**Exercise prompt**
Copy nothing but the lines below running from the line containing "Galaxy Uyumlu A55" through the line containing "etsy California embroidery", both end lines included.

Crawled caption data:

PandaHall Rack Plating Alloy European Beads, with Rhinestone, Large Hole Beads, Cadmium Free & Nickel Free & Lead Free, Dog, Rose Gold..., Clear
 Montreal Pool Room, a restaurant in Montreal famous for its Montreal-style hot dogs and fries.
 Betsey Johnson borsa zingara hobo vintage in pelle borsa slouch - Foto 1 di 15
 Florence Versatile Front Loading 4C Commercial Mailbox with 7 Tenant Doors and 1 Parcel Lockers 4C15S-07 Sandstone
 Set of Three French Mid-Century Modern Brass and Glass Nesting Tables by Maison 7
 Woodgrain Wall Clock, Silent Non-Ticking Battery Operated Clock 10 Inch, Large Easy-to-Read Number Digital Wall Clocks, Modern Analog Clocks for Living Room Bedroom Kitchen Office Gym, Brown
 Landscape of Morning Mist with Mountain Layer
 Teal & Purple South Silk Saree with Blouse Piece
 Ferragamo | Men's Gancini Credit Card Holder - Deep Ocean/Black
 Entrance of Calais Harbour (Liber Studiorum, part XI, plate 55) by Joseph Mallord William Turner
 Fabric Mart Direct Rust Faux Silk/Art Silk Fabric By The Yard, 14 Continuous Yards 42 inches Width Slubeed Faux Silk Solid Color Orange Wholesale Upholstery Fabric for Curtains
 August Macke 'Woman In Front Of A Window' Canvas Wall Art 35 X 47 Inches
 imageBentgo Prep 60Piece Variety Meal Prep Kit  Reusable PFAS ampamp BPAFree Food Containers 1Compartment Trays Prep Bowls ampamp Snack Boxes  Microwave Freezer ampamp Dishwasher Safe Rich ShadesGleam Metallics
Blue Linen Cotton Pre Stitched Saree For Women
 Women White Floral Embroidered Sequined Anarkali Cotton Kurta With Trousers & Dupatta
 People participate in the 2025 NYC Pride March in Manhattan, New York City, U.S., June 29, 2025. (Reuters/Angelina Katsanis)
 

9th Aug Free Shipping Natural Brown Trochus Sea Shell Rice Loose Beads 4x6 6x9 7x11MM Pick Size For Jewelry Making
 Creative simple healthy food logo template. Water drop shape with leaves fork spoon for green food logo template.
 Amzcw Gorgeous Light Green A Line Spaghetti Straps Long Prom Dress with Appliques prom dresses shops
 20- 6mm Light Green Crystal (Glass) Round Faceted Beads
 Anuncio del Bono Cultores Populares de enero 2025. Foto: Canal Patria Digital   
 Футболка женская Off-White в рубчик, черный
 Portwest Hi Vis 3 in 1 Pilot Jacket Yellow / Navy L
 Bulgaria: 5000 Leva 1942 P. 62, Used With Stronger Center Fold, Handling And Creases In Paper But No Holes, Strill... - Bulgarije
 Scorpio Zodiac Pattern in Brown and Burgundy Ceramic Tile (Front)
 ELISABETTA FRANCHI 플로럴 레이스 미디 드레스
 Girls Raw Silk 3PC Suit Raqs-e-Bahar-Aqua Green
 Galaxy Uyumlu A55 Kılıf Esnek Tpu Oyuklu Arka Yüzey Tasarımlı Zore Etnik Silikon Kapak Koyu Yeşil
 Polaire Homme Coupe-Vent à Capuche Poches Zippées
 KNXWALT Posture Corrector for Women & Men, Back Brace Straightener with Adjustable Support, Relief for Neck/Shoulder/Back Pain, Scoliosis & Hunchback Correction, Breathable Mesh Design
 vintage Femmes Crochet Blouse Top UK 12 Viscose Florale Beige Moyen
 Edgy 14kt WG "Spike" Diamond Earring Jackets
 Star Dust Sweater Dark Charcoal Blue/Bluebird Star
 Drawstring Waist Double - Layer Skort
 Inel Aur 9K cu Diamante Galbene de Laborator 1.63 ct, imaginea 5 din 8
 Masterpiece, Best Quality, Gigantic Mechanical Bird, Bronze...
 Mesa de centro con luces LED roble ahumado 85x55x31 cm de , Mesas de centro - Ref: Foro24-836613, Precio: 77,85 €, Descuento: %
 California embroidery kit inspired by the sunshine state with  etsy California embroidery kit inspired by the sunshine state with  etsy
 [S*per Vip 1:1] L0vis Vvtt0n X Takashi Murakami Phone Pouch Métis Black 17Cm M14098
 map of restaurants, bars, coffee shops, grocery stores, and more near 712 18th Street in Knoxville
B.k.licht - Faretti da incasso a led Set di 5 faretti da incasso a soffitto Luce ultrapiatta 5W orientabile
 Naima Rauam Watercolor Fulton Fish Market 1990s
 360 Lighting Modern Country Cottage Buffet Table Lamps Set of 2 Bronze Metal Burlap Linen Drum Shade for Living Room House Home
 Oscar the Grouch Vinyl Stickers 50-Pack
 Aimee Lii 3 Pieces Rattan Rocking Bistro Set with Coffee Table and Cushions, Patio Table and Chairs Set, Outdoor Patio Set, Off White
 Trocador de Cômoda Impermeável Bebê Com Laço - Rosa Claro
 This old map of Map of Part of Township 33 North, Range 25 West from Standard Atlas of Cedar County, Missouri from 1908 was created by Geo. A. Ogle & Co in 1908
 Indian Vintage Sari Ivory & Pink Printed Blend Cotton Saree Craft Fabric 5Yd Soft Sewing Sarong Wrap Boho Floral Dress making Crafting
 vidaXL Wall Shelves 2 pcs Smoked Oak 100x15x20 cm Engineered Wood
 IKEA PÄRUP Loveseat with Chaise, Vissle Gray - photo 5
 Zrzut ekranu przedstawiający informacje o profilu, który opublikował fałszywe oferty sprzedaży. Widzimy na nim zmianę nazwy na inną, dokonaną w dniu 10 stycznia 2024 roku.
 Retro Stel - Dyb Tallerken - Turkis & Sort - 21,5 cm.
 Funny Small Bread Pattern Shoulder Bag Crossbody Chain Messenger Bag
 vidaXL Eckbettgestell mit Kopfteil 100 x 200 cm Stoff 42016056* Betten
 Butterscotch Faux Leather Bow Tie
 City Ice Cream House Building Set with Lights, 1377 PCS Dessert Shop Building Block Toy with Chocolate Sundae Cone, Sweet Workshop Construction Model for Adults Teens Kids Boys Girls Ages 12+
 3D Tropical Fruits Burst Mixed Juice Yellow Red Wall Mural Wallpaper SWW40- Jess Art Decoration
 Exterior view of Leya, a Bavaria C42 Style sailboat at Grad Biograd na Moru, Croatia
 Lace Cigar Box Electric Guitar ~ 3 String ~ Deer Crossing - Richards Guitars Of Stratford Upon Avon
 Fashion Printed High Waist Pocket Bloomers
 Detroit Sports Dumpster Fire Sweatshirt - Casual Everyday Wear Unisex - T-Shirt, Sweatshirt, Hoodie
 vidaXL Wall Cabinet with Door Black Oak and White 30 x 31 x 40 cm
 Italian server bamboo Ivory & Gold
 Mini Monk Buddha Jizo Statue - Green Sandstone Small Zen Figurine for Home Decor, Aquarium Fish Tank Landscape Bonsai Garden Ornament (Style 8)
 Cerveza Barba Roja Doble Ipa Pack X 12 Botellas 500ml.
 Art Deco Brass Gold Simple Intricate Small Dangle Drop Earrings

**Solved exercise**
 Galaxy Uyumlu A55 Kılıf Esnek Tpu Oyuklu Arka Yüzey Tasarımlı Zore Etnik Silikon Kapak Koyu Yeşil
 Polaire Homme Coupe-Vent à Capuche Poches Zippées
 KNXWALT Posture Corrector for Women & Men, Back Brace Straightener with Adjustable Support, Relief for Neck/Shoulder/Back Pain, Scoliosis & Hunchback Correction, Breathable Mesh Design
 vintage Femmes Crochet Blouse Top UK 12 Viscose Florale Beige Moyen
 Edgy 14kt WG "Spike" Diamond Earring Jackets
 Star Dust Sweater Dark Charcoal Blue/Bluebird Star
 Drawstring Waist Double - Layer Skort
 Inel Aur 9K cu Diamante Galbene de Laborator 1.63 ct, imaginea 5 din 8
 Masterpiece, Best Quality, Gigantic Mechanical Bird, Bronze...
 Mesa de centro con luces LED roble ahumado 85x55x31 cm de , Mesas de centro - Ref: Foro24-836613, Precio: 77,85 €, Descuento: %
 California embroidery kit inspired by the sunshine state with  etsy California embroidery kit inspired by the sunshine state with  etsy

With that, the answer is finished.